— PROBLEM TO SOLVE —
Skip the pictures. Transcribe exactly the lines from the line containing "Worn front teeth — after treatment" to the end of the listing.
RECORDS SHOWN Block Start
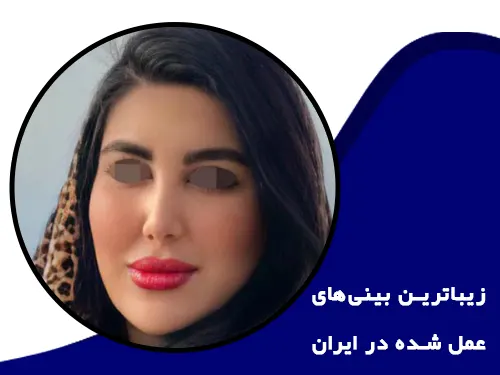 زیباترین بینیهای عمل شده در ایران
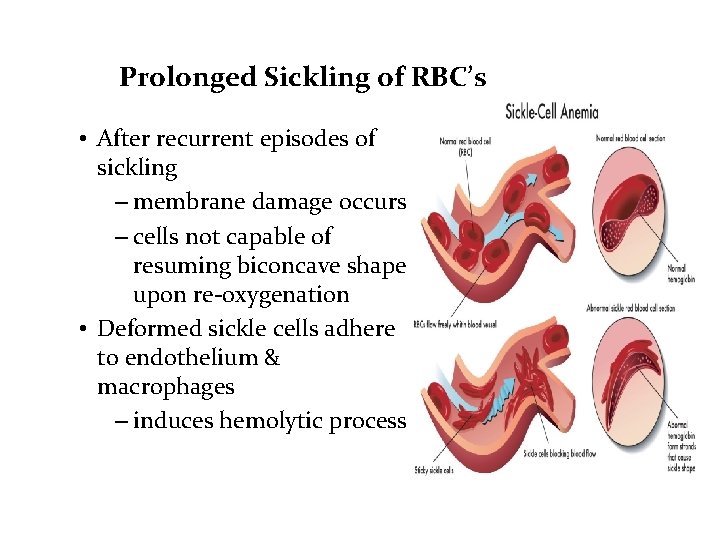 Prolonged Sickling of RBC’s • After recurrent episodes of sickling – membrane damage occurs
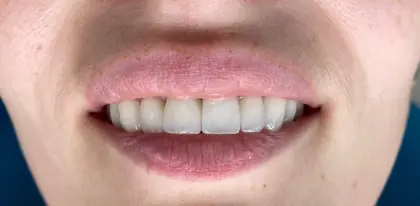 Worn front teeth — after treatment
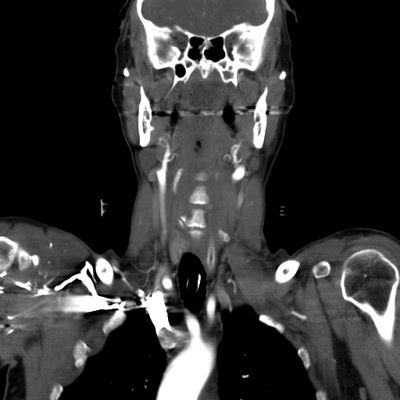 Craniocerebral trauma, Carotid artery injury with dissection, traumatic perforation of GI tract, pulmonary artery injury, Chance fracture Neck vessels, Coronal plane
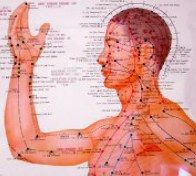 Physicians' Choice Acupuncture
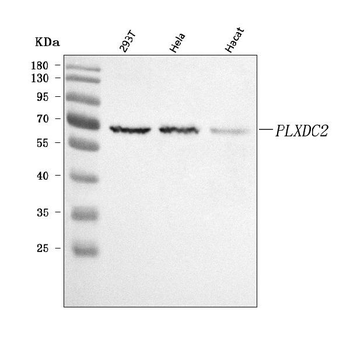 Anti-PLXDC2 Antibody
RECORDS SHOWN Block End
— OUTPUT OF THE TASK —
 Worn front teeth — after treatment
 Craniocerebral trauma, Carotid artery injury with dissection, traumatic perforation of GI tract, pulmonary artery injury, Chance fracture Neck vessels, Coronal plane
 Physicians' Choice Acupuncture
 Anti-PLXDC2 Antibody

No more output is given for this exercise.